◆ Dataset excerpt:
▬▬▬▬▬▬

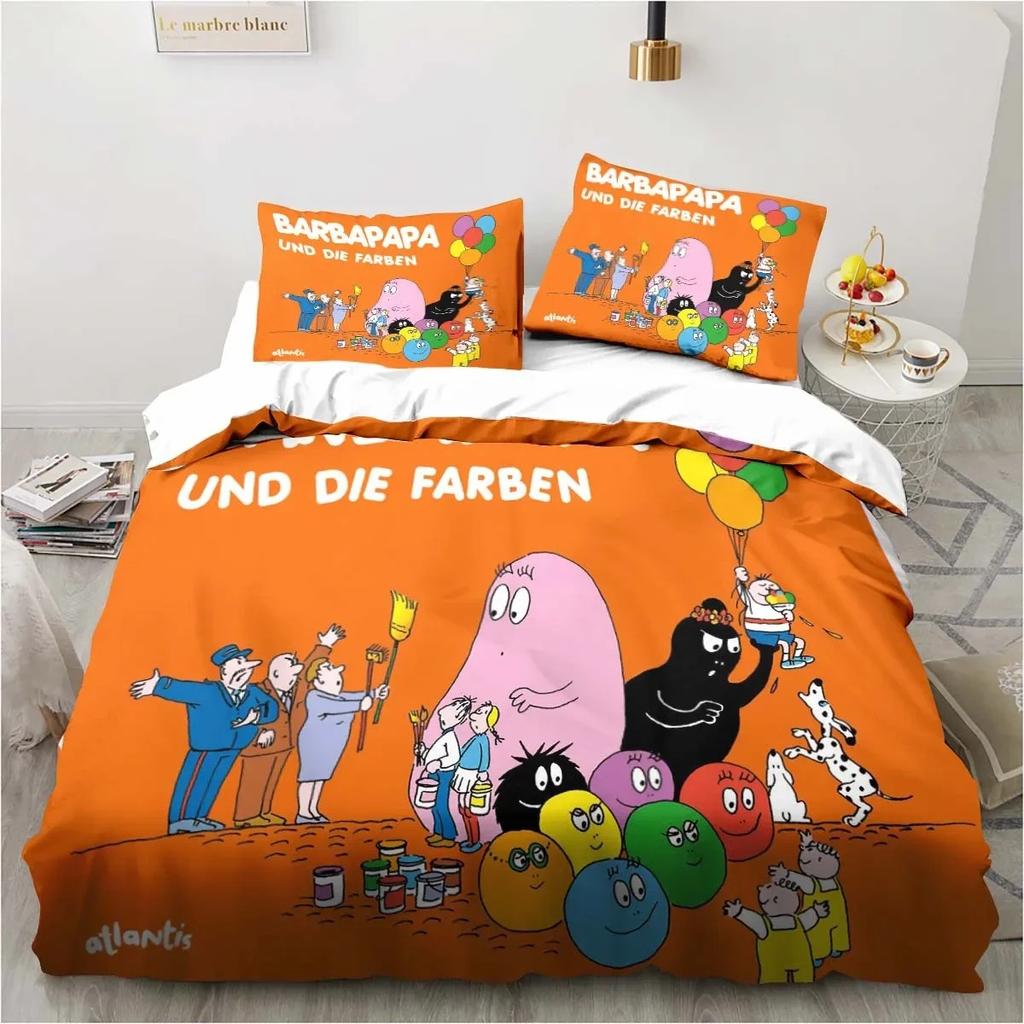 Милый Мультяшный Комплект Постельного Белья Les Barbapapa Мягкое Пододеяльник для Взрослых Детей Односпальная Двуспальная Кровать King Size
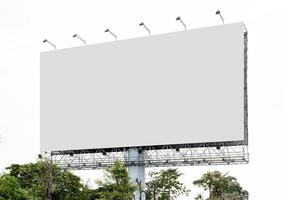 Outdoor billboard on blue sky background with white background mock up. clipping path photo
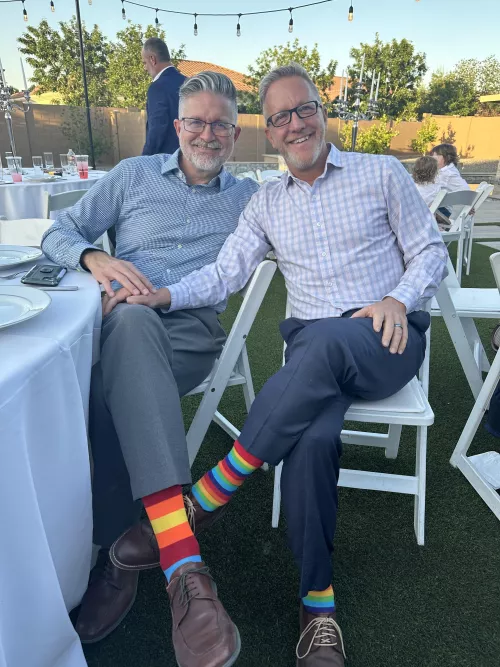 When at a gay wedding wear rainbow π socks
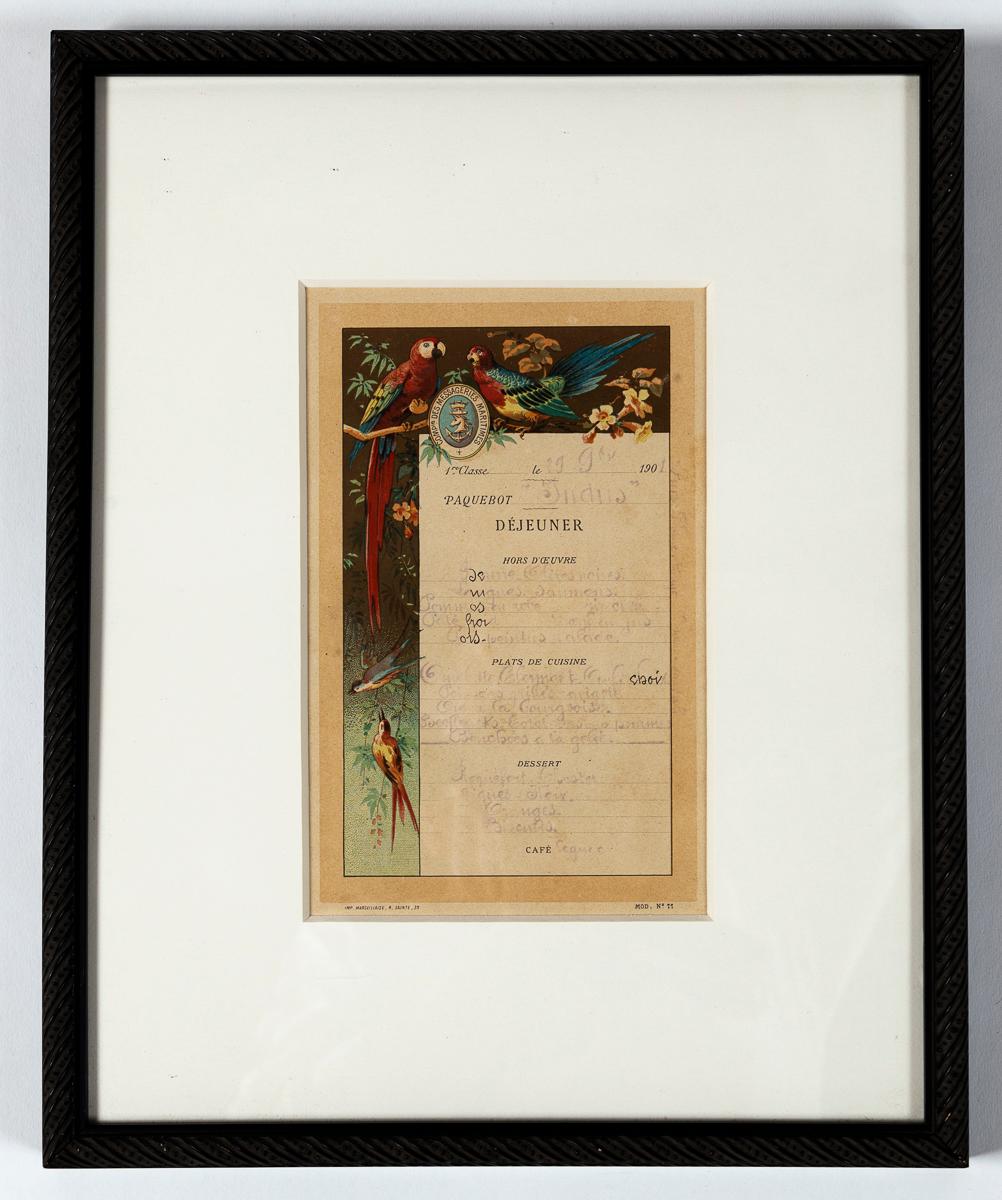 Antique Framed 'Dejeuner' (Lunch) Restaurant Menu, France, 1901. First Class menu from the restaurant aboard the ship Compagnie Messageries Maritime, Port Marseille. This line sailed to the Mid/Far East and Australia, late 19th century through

▬▬▬▬▬▬

◆ Problem to work on:
Repeat the listing in full and exactly. Leave any pictures out.

◆ Solved problem:
 Милый Мультяшный Комплект Постельного Белья Les Barbapapa Мягкое Пододеяльник для Взрослых Детей Односпальная Двуспальная Кровать King Size
 Outdoor billboard on blue sky background with white background mock up. clipping path photo
 When at a gay wedding wear rainbow π socks
 Antique Framed 'Dejeuner' (Lunch) Restaurant Menu, France, 1901. First Class menu from the restaurant aboard the ship Compagnie Messageries Maritime, Port Marseille. This line sailed to the Mid/Far East and Australia, late 19th century through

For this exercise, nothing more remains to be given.